▸ **Requirement**
The whole of the data is to be reproduced exactly.

▸ **Data section**
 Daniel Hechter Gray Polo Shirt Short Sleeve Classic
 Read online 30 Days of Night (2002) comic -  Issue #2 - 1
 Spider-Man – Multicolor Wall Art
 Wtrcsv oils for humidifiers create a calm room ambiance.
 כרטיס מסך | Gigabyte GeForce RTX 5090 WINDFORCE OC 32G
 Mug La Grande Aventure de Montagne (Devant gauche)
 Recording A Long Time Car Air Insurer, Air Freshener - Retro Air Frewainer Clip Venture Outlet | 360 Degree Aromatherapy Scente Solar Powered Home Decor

▸ **Response area**
 Daniel Hechter Gray Polo Shirt Short Sleeve Classic
 Read online 30 Days of Night (2002) comic -  Issue #2 - 1
 Spider-Man – Multicolor Wall Art
 Wtrcsv oils for humidifiers create a calm room ambiance.
 כרטיס מסך | Gigabyte GeForce RTX 5090 WINDFORCE OC 32G
 Mug La Grande Aventure de Montagne (Devant gauche)
 Recording A Long Time Car Air Insurer, Air Freshener - Retro Air Frewainer Clip Venture Outlet | 360 Degree Aromatherapy Scente Solar Powered Home Decor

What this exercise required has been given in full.